Monday, December 22, 2014

It Sets Us Apart

“Our Father…”, the prayer given to the apostles by Jesus at their request: “Lord, teach us to pray.” is a lesson in who God is, what we want or expect from Him, and the one thing that sets us apart from the other religions and ways of life. It contains, by itself, the guidelines of what it takes to be a good Christian. God gave us the Ten Commandments in the Old Testament, handing them to Moses to teach and lead the Israelites as He demanded. This simple prayer contains within it a simple command or bargain.

The entire first half of the Lord’s Prayer tells us who God is, the supreme ruler who lives in the home to which we all wish to go when our time is up. It says that not only is He a ruler, but also the holiest of all. It contains the promise that someday His kingdom will come to occupy the Earth. As the supreme being, it tells us that His will, not ours or another’s , must be done. It must be done at all levels of His kingdom. He is, after all, the supreme king.

As His subjects, we have the right to expect Him to take care of us, making sure we have food and shelter. It is a request, politely stated, from the ruled to the ruler. We also ask that He protect us from temptation, with the implication that that temptation may be beyond our normal strength to resist. It also asks Him to protect us from whatever evil there may be which is attempting to attack us. It closes with once again acknowledging His absolute power over everything and that the glory is all His.

Now, before you point out that there is a part missing from the second half of the prayer, no there isn’t. That part is the focus of this writing. It contains both a request and a bargain. As human beings, we are going to fail and fall. It is a part of our imperfection, part of our inheritance from the first sinners, Adam and Eve. We know that we are not going to live up to the promises and best intentions we have as Christians. So, we ask for His forgiveness, secure in the knowledge that we will receive it. The kicker, the bargain, is that we ask Him to forgive us in the same manner that we forgive others. If we don’t forgive others, then we are telling God it is okay with us to not be forgiven by Him.
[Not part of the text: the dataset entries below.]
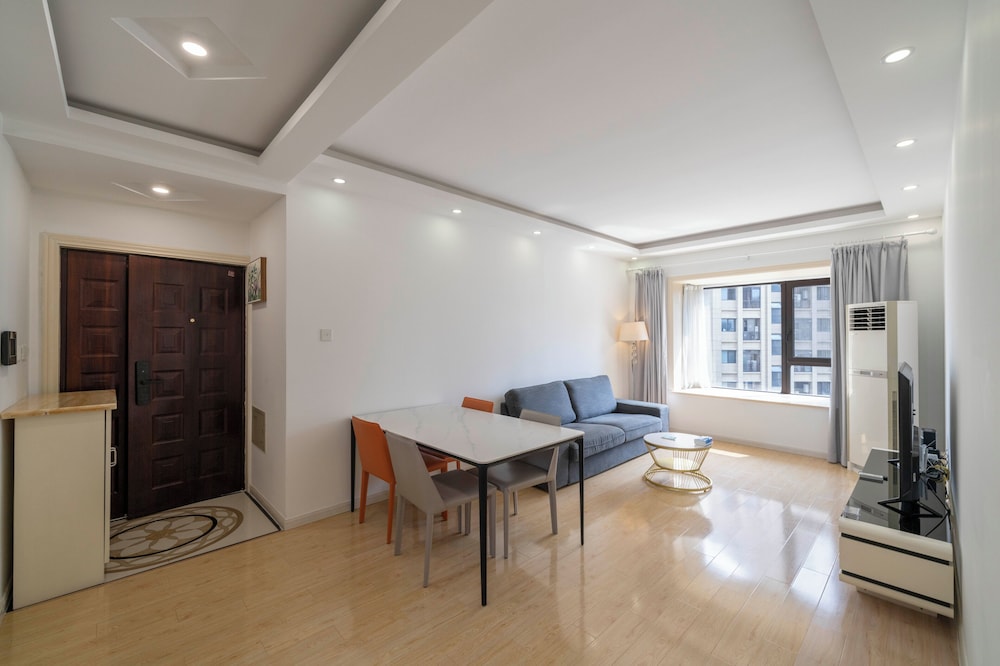 Tyms 2BR APT Xujiahui Dacheng Residence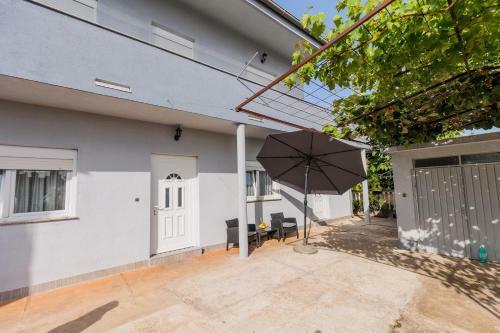 Apartmani Ema I Toni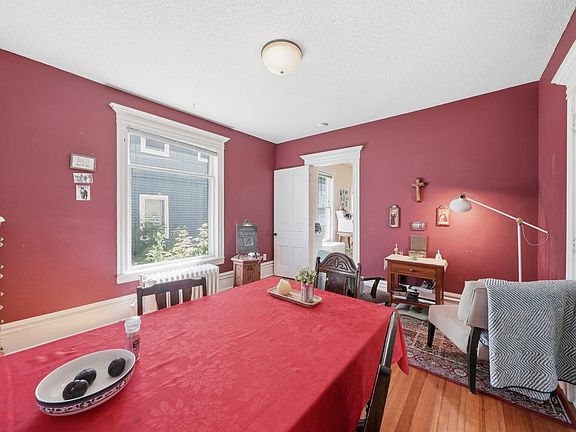 4th image of 606 20th Ave S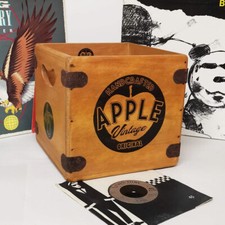 Apple Vintage Record Box 7"
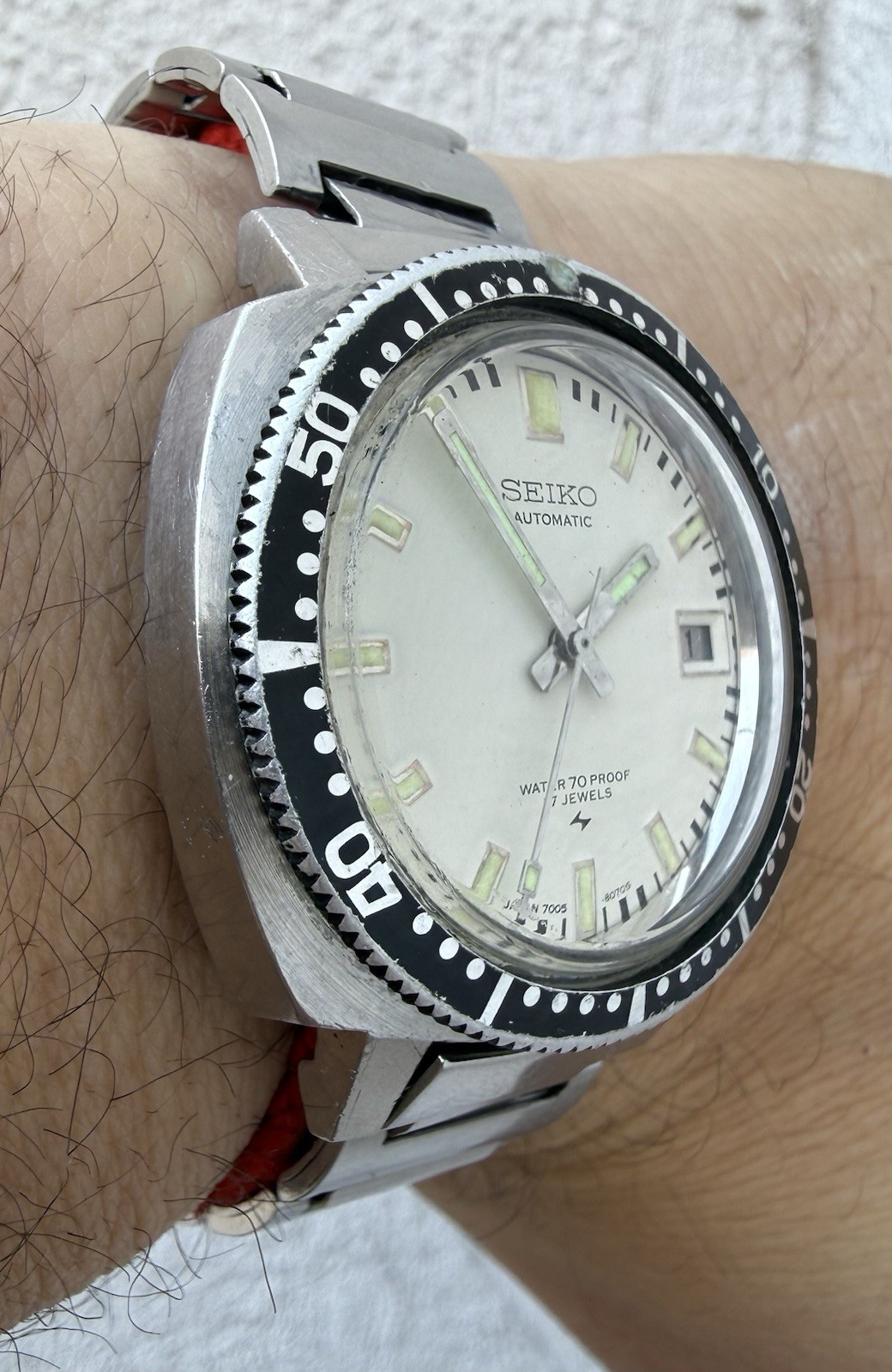 1973 Seiko 7005-8052 “Poor Man’s Diver” Automatic Vintage Diver Watch White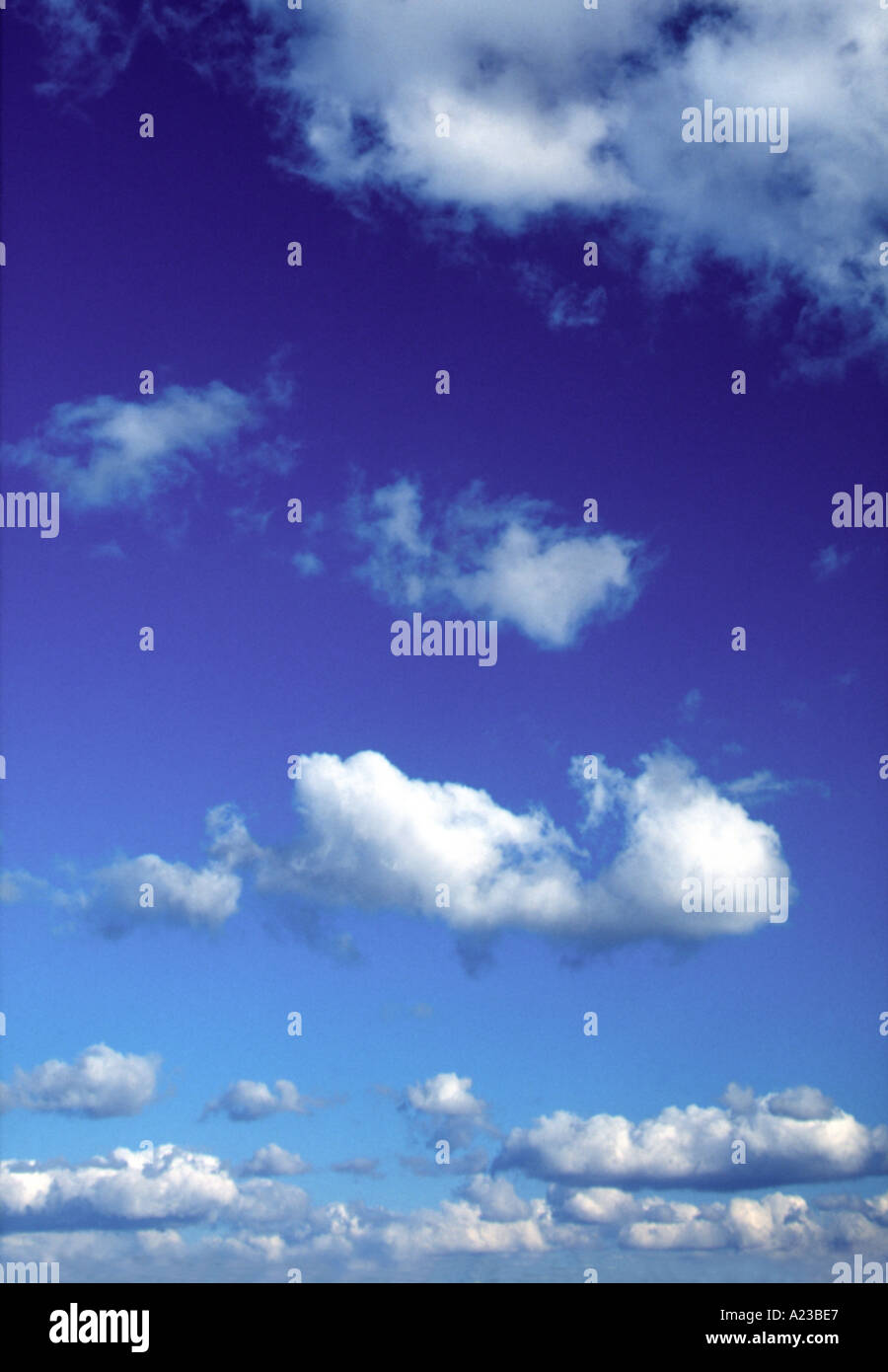 blauer Himmel und weiße Wolken Stockfoto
What kind of forgiveness are we talking about? The unconditional kind, of course, without limits on the number of times we forgive. We all remember the parables about the servant who was forgiven by the king and then didn’t forgive one of his fellow servants, and the fate that befell him. Or, the man who asked Jesus how many times he should forgive and the answer was “seventy times seven times”. Taking into account that culture and those rules, Jesus was really saying there is no limit. There is nothing in that part of the prayer which allows us to put conditions on our forgiveness. We are supposed to forgive as God forgives, with a forgiveness that implies forgetting as well.

The ability to forgive and forget is something that all of us, as followers of Jesus Christ, should learn and practice every day. The ultimate act of forgiveness, the best of all examples, is the one that Jesus himself showed us. As he was dying on the cross, full of pain, his last act was to ask his Father to forgive those who had tortured him, hung him on a cross like a common felon, and killed him. Can we, as Christians, do less within our own lives?